> **Your objective**
Nothing should appear in the answer except the lines below from the line containing "Feihe 14 Inch" through the line containing "Lilly Pulitzer Dresses/Deb", copied exactly, with pictures left out.

Material shown Block Start

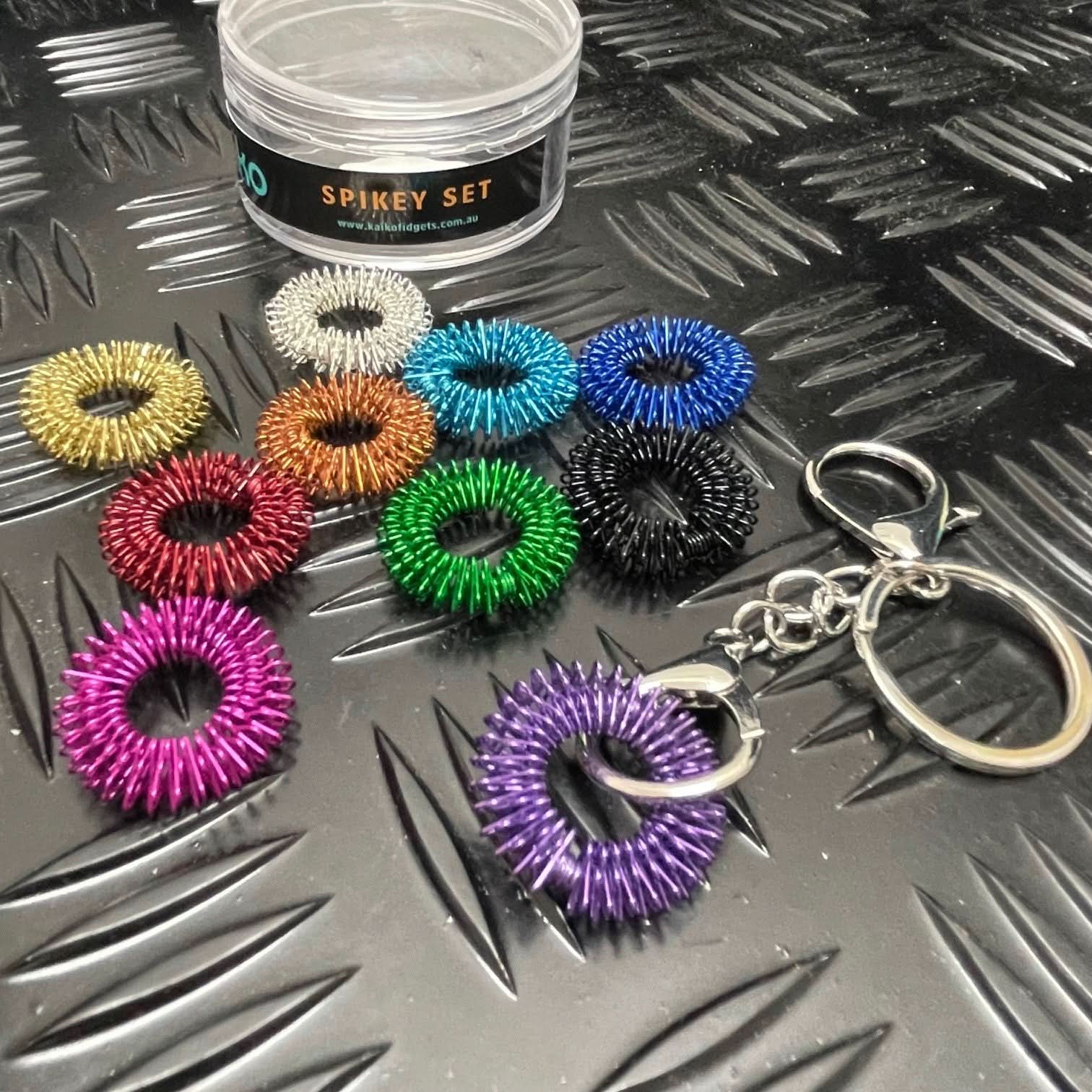 Finger Spikey Set of 10 - includes Fidget Keyring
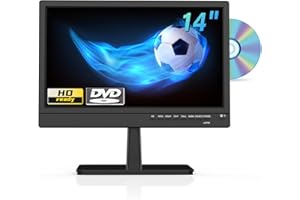 Feihe 14 Inch TV with DVD Player Built-in, HD Flat Screen Small TV DVD Player Combo with ATSC Tuner/HDMI/USB/AV/VGA Input, Suitable for Kitchen Bedroom RV Camper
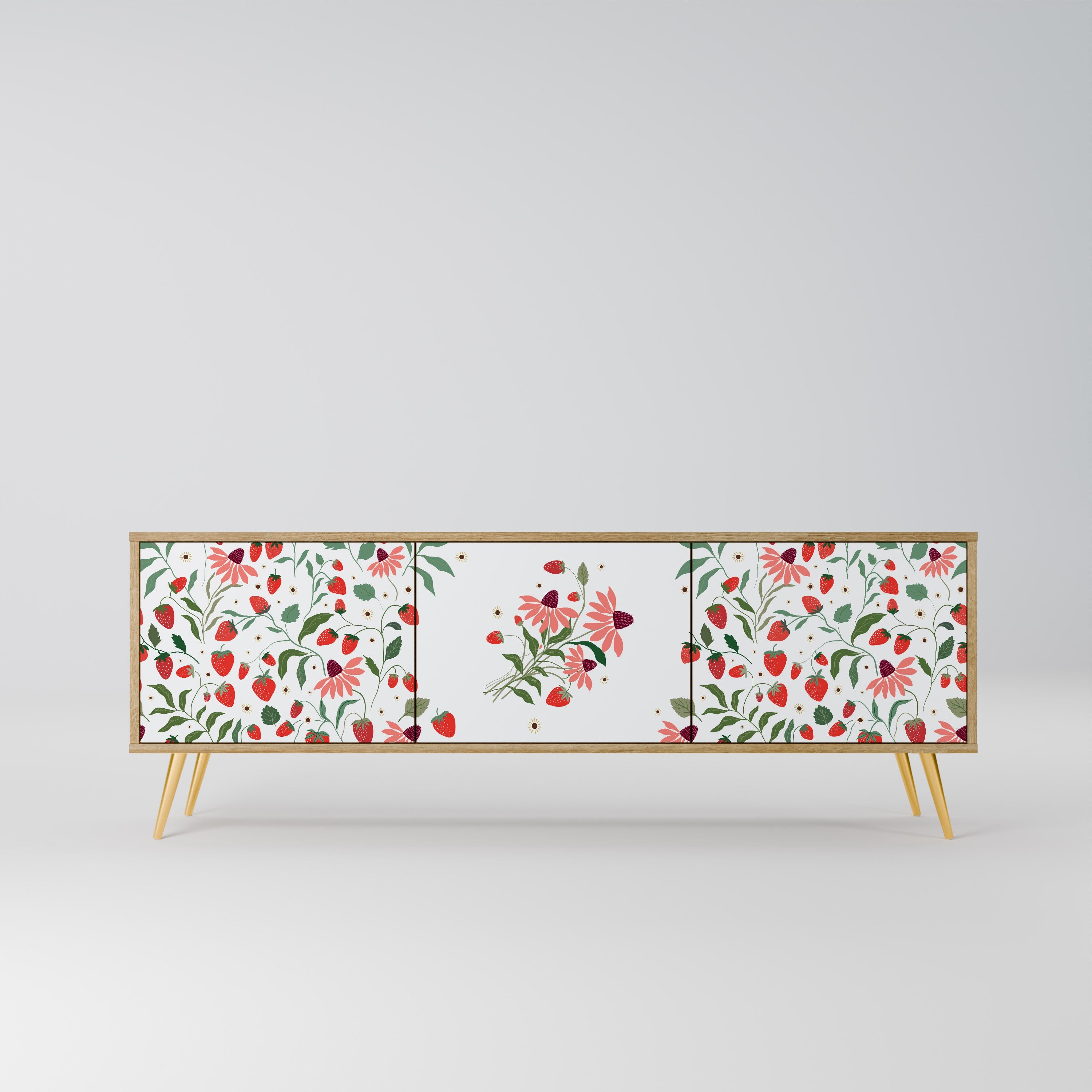 BLOMMOR OCH JORDGUBBAR TV-bänk med 3 dörrar i ekeffekt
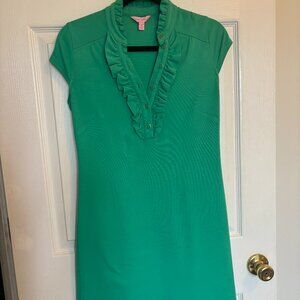 Lilly Pulitzer Dresses/Deb Ruffle Neckline Cap Sleeve Mini Green XS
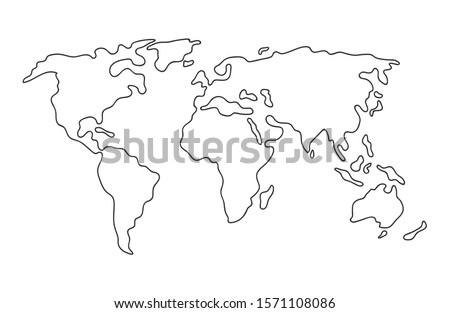 World map. Hand drawn simple stylized continents silhouette in minimal line outline thin shape. Isolated vector illustration Stockfoto © 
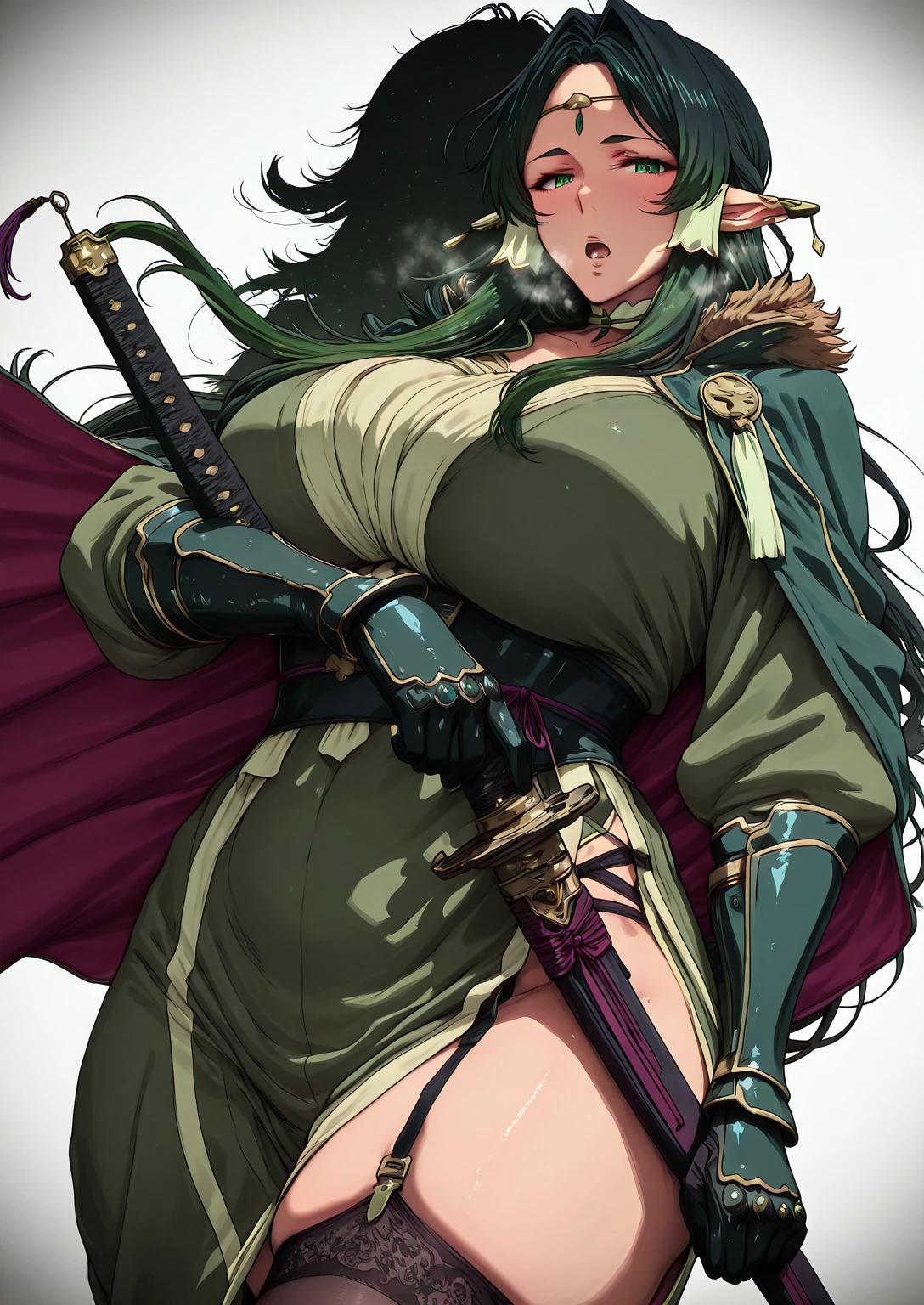 Sakuranotomoru, Hgk, (mana_(remana)-style:1.3), (imizu_(nitro_unknown)-style:1.4), (packge-style:1.2), (himadera-style:1.2), ((anatomical correct)), ((Cinematic, unreal engine, eye-catching, ambient occlusion, UHD, masterpiece)), ((perfect lighting, soft shadow)), perfect body, perfect eyes, perfect fingers, gasping, heavy breathing, gasping profusely, ((skindentation)), ((curvy)), sakuya, long hair, black hair, very long hair, green eyes, green hair, pointy ears, hair tubes, elf, ear covers, dark green hair, mature female, breasts, athletic body,(voluptuous:1.5), (mature female:1.5), ((vignetting)), weapon, open_mouth, gauntlets, solo, thighhighs, garter_straps, sword, looking_at_viewer, cape, black_thighhighs, hair_intakes, streaked_hair, white_background, fur_trim, 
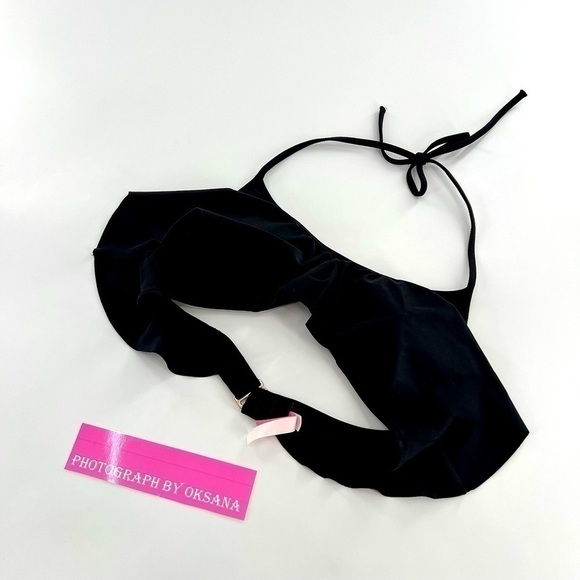 Victoria's Secret Black Flounce Bikini Top size L - Picture 4 of 9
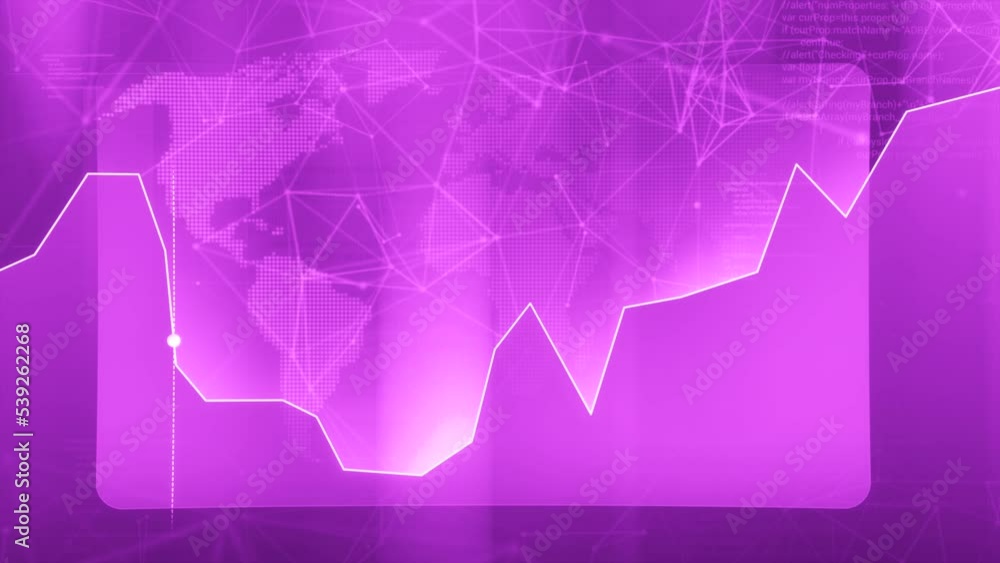 Poster purple moving graph. motion. running dot in animation on the background of various transparent flyin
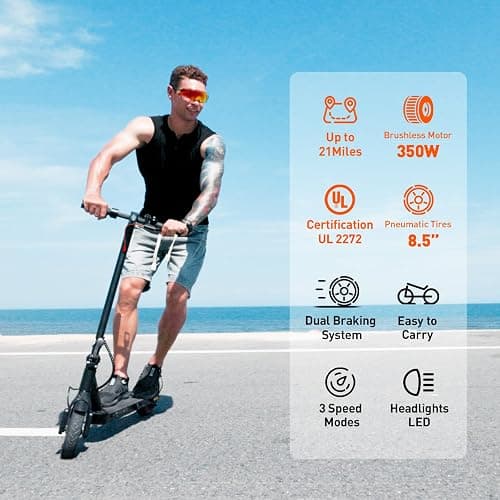Fcgeoi Electric Scooter, 1500W/1000W/500W Peak Powerful Motor, 28/25/18 MPH, 28/23/21 Miles, 10"/9.3"/8.5" Pneumatic Tires, UL2272 Certified, Headlight, Foldable Commuting Electric Scooter for Adults thumbnail 2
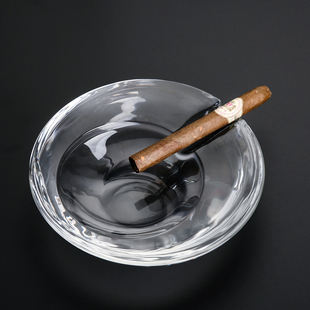 雪茄烟灰缸专用家用客厅创意个性轻奢办公室ins玻璃烟缸摆件大号
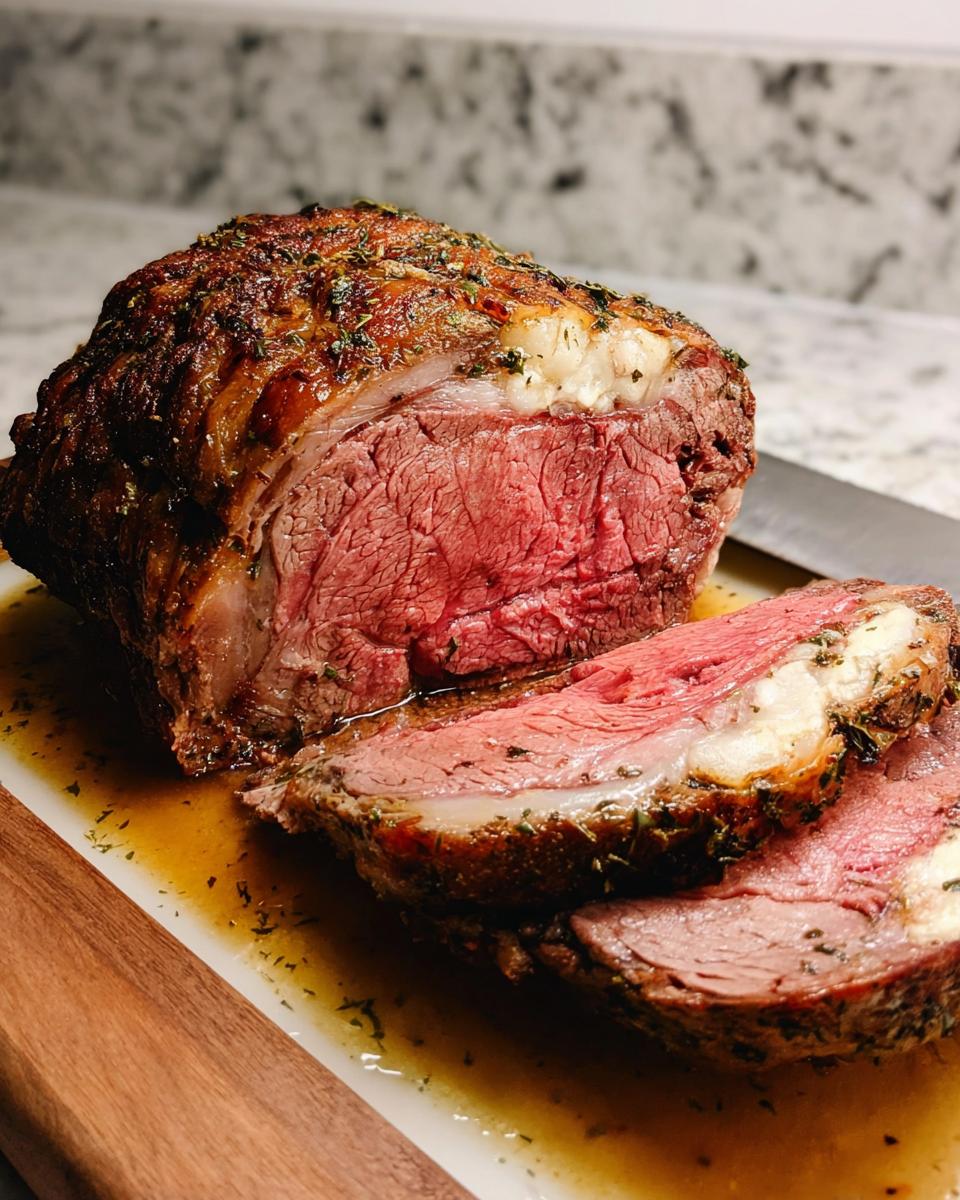 A beautifully roasted Garlic-Herb Prime Rib, partially sliced, showing a medium-rare center resting in its savory au jus.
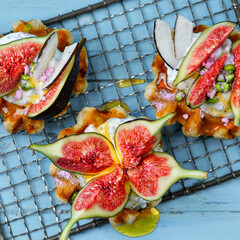 Crispy Waffles with Fresh Figs, Mint, and Honey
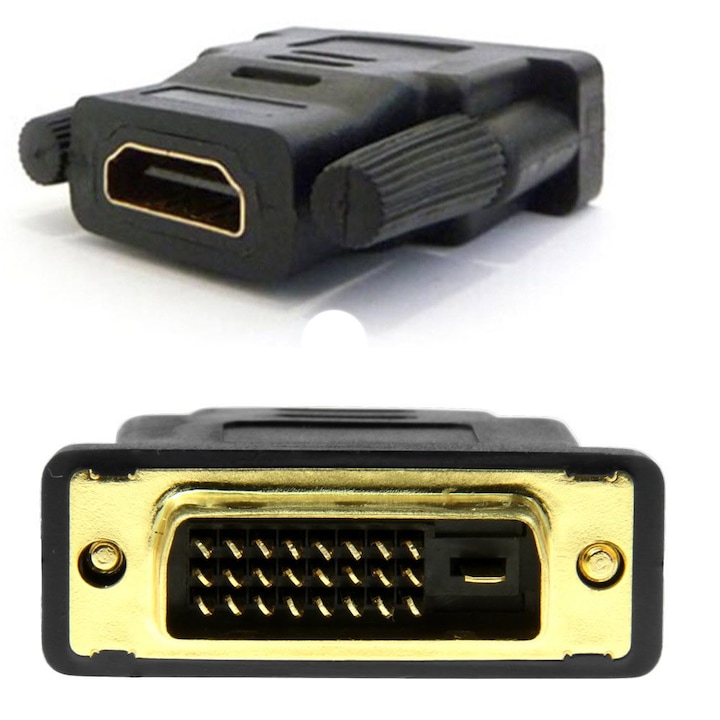 Adaptor Nelbo DVI la HDMI, tip tata-mama ecranat, mufe aurite, de calitate superioara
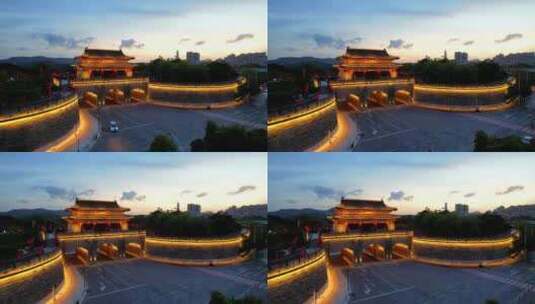 惠州朝京门夜景航拍大景1高清在线视频素材下载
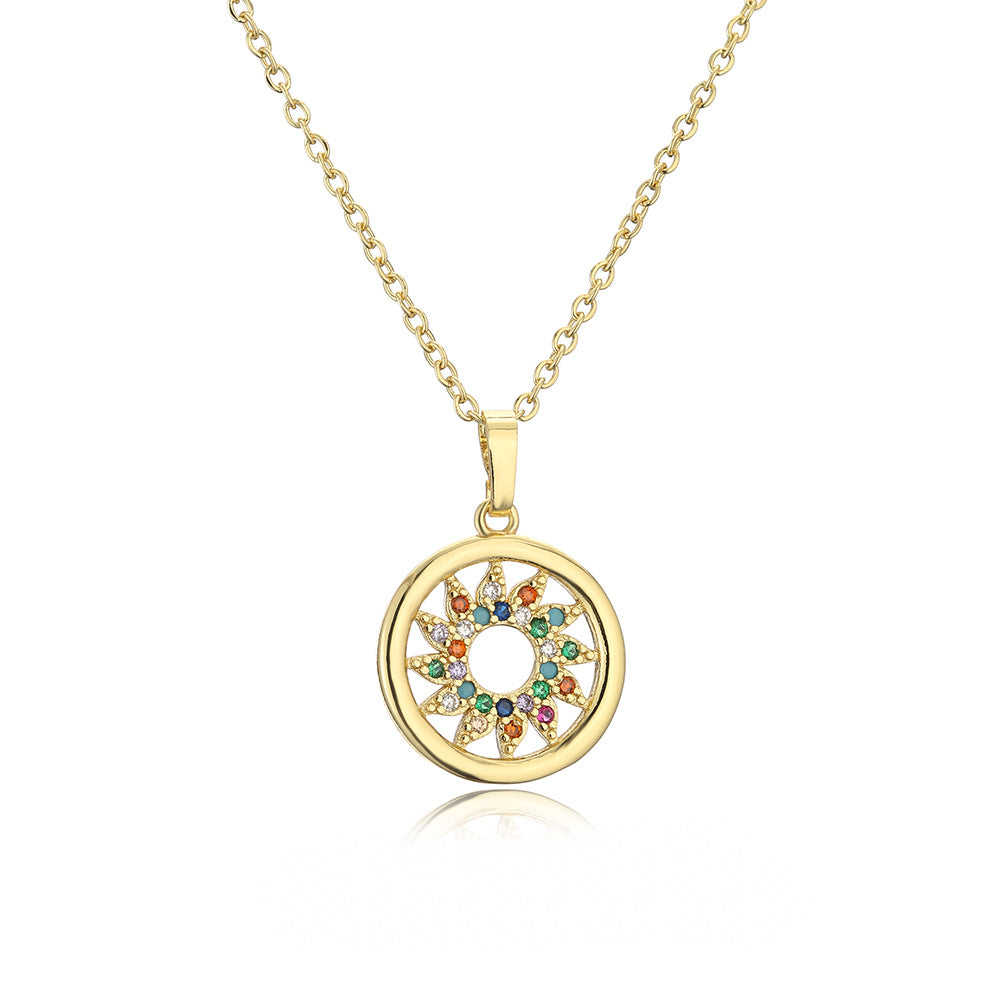 Wholesale Gold Plated Zircon Sun Moon Star Copper Necklaces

Material shown Block End

> **The completed task**
 Feihe 14 Inch TV with DVD Player Built-in, HD Flat Screen Small TV DVD Player Combo with ATSC Tuner/HDMI/USB/AV/VGA Input, Suitable for Kitchen Bedroom RV Camper
 BLOMMOR OCH JORDGUBBAR TV-bänk med 3 dörrar i ekeffekt
 Lilly Pulitzer Dresses/Deb Ruffle Neckline Cap Sleeve Mini Green XS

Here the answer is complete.